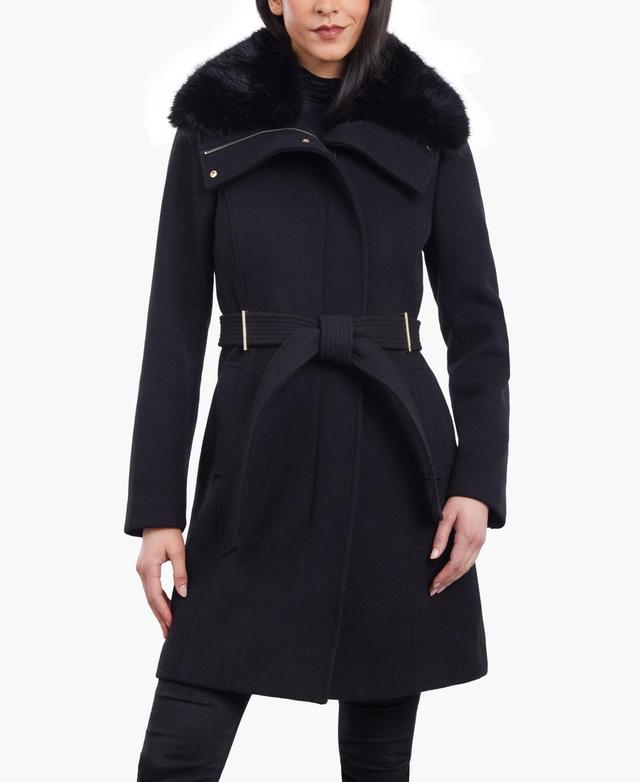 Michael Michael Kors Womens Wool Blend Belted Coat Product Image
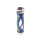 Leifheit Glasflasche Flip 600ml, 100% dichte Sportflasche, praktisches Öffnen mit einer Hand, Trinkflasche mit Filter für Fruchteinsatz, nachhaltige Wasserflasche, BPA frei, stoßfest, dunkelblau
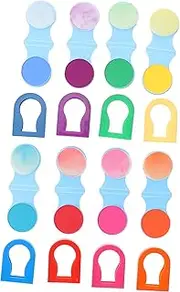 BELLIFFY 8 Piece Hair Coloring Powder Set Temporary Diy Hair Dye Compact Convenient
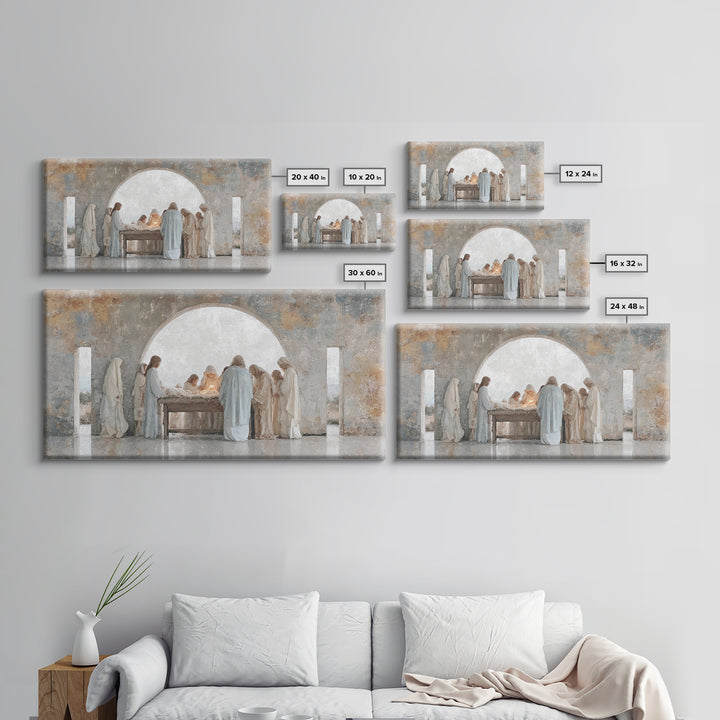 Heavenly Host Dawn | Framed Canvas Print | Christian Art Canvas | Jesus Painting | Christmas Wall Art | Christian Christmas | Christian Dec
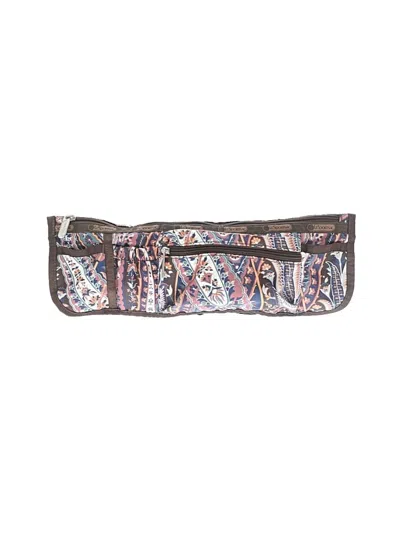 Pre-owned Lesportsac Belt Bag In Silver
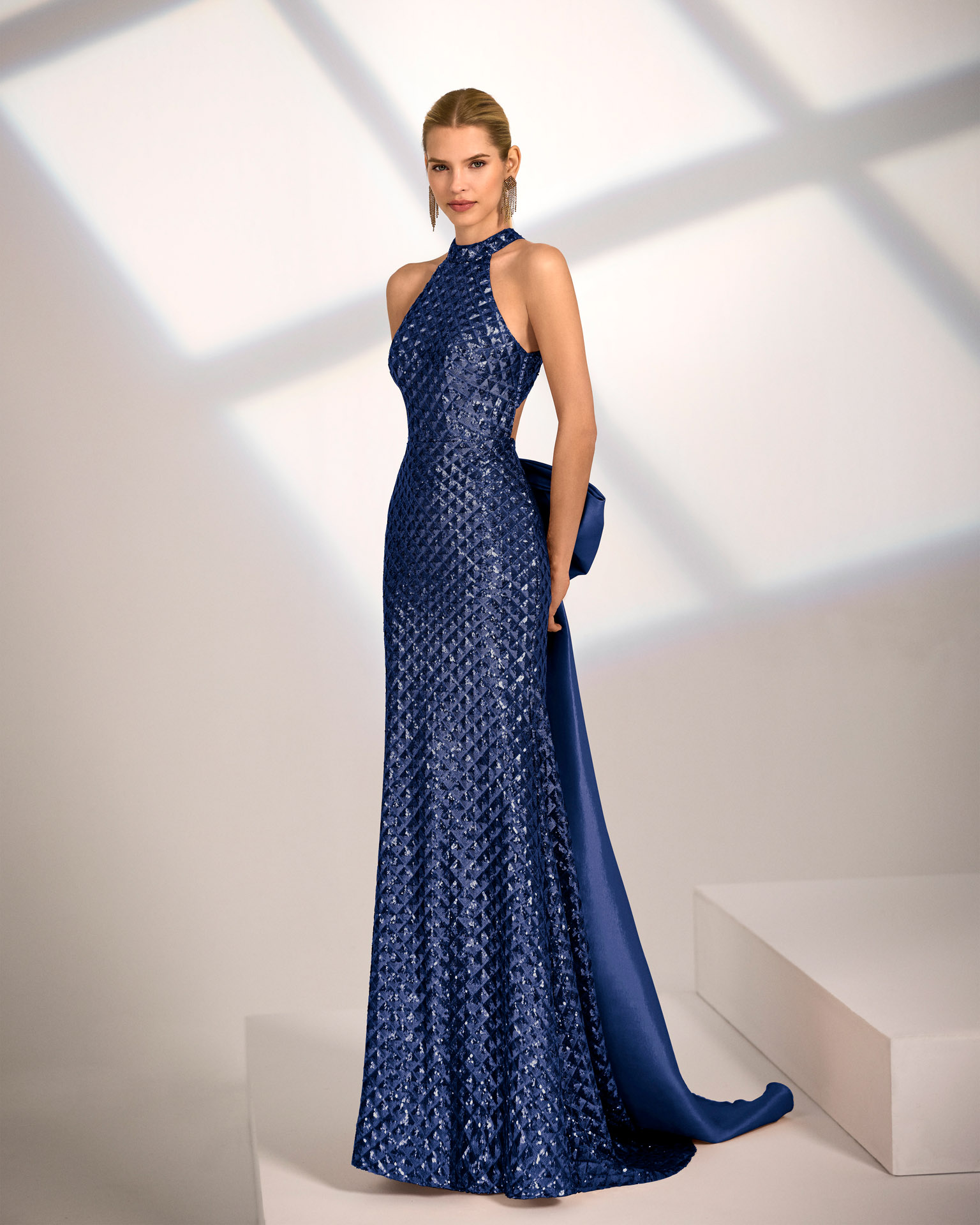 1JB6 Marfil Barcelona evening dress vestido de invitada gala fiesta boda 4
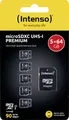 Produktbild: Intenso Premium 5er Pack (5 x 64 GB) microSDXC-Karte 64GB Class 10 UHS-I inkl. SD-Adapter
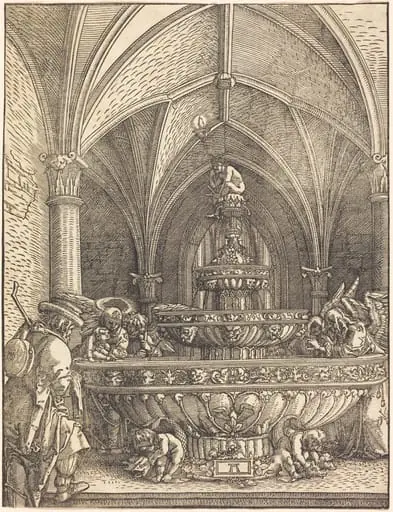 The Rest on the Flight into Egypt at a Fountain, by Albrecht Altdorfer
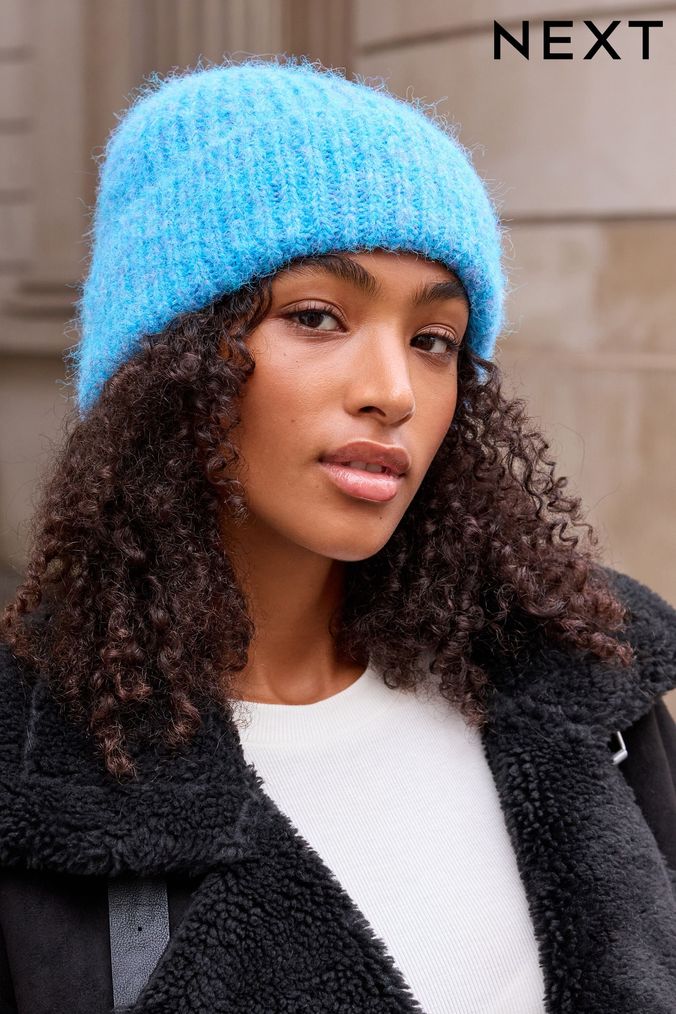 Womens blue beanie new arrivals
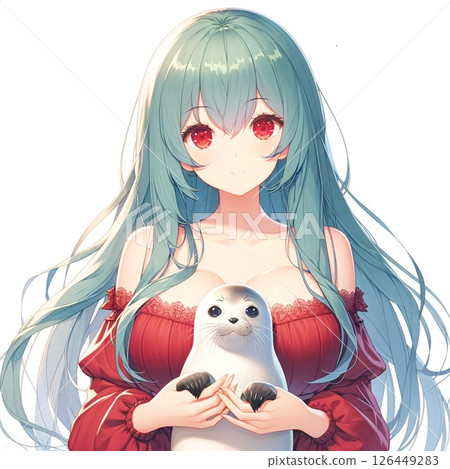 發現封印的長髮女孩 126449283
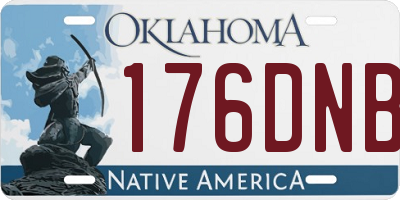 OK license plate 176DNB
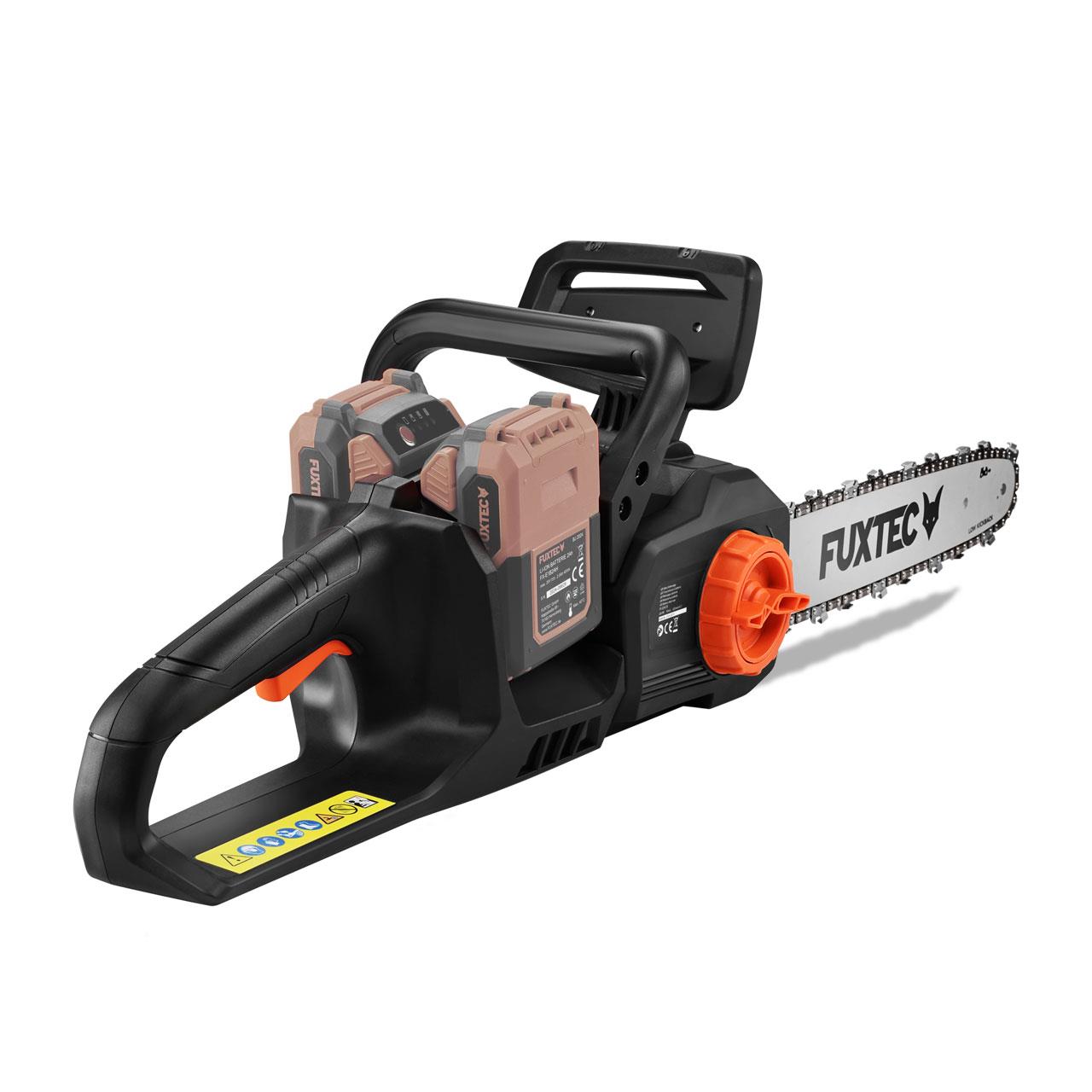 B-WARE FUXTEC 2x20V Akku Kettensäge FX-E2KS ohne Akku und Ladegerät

##############################

What you have to do >> With the pictures omitted, print the lines above exactly, beginning at the line with "Leifheit Glasflasche Flip" and going on through the line with "1JB6 Marfil Barcelona".

Exercise solution >>
 Leifheit Glasflasche Flip 600ml, 100% dichte Sportflasche, praktisches Öffnen mit einer Hand, Trinkflasche mit Filter für Fruchteinsatz, nachhaltige Wasserflasche, BPA frei, stoßfest, dunkelblau
 BELLIFFY 8 Piece Hair Coloring Powder Set Temporary Diy Hair Dye Compact Convenient
 Heavenly Host Dawn | Framed Canvas Print | Christian Art Canvas | Jesus Painting | Christmas Wall Art | Christian Christmas | Christian Dec
 Pre-owned Lesportsac Belt Bag In Silver
 1JB6 Marfil Barcelona evening dress vestido de invitada gala fiesta boda 4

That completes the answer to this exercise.